However, the new generation is transitioning this image and is looking for more proprietary brands where they can get to know the craft and location specifics with alternative packaging. These people generally look to consume the wine in a short amount of time rather than collecting it. This enables the producers to be more transparent and boast specific highlights like vineyard sites and climate changes, the winemaker's hard work, and also the fruit quality.
This has helped the negociants to capitalize on these factors and develop a proprietary brand and focus on the target clientele while developing the product. Apart from a higher margin, this style of the private label also helps to create exclusivity which can offer high quality to value ratio as there are not many brands established in the market as such.
This is considered a reactive approach rather than a proactive approach that we see in the negociant style. As the base product is already well rounded, there is less chance to customize according to the customer requirement. This is easy to source as wineries and breweries have surplus inventory that they want to remove from their facility. Moreover, product development does not take up much time and we can get a final product in a relatively shorter amount of time. This can give the organization a chance to market the product using the brand's name and try to sell more based on that and often get opportunities to cross-market and reach a bigger audience.
Additionally, there is a low financial burden as the commitment is smaller but that in fact may affect the product consistency. Moreover, the base product depends upon how much surplus inventory the brand has and will they have time for your smaller organization or not. One more thing to consider is the exclusivity of whether the brand will create this product only for one specific organization or will it sell in another market which will kill the exclusivity factor altogether.
Generally, all such brands sell their products either via D2C or retailers. Whereas, small organizations would prefer to sell it on-premise. Thus it is important to discuss the margins and not undermine each other where the product is sold at two different price points in the same market. Using already branded products will offer less flexibility over prices and in a way affect the quality to value ratio as a small organization can not counter the integrity and already fixed policies of a well-established brand.
Overall, an organization must weigh the advantages and disadvantages of both; negociant and branded product styles. Whichever style one chooses, one non-fungible metric is the actual quality of the product.
“I will never sacrifice quality for profit”
Lastly, one final metric that every organization should consider before partnering with a supplier is the level of involvement. Involvement is required in 3 stages of the product development cycle
Physical Product Involvement
Whether the team will get a chance to be involved in the production, harvest, blending, and other back-end activities that go into the making of a private label. However, this depends on the location of the distillery, brewery, etc.

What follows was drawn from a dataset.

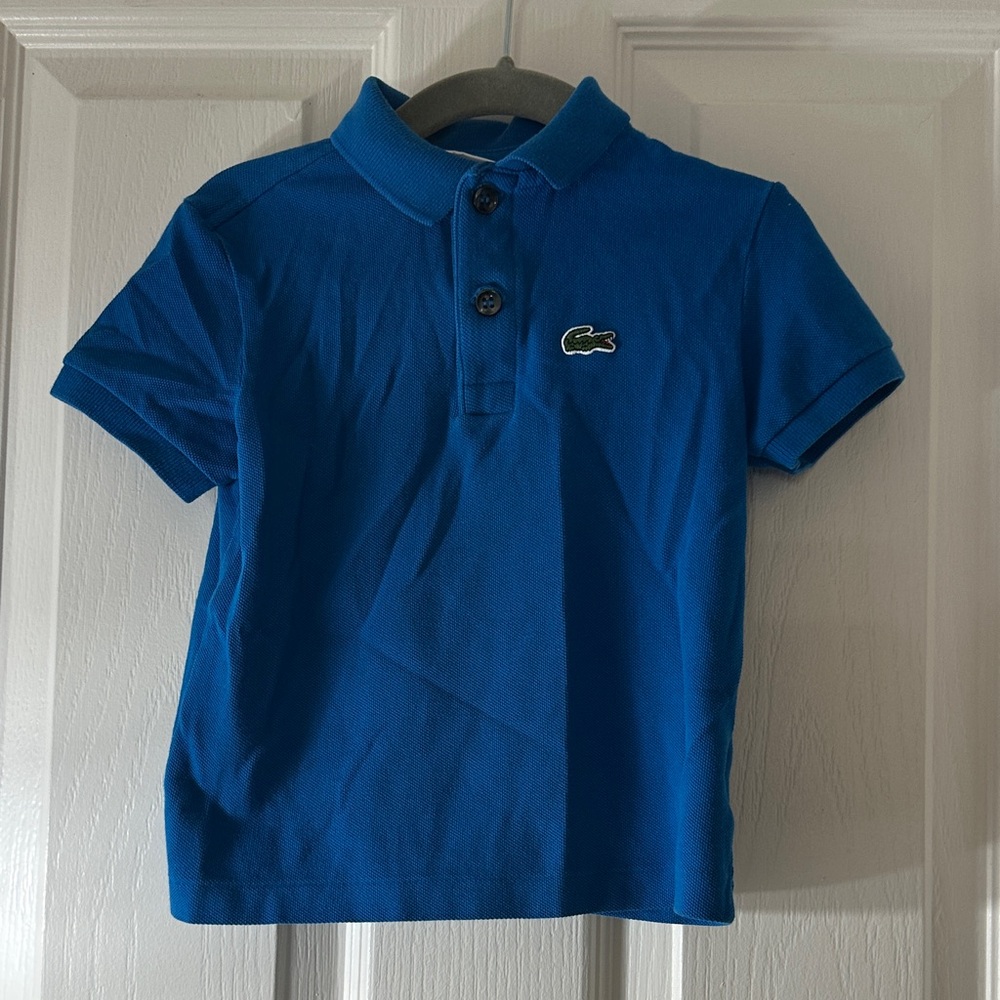 Lacoste Boys' Royal Blue Short Sleeve Polo with Crocodile Patch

Whether the organization will get a chance to give an opinion about the design of the bottle shape, glass color, cap choice, and label design.
Regulation and Education
There must be a part for the small-scale organization to speak about the labeling regulation and handle any issues regarding it if necessary. Training the staff in the organization about the actual sales service and presentation of the bottle to the guest and other on-premise activities.
Article by Arjun Moghe, Beverage Trade Network.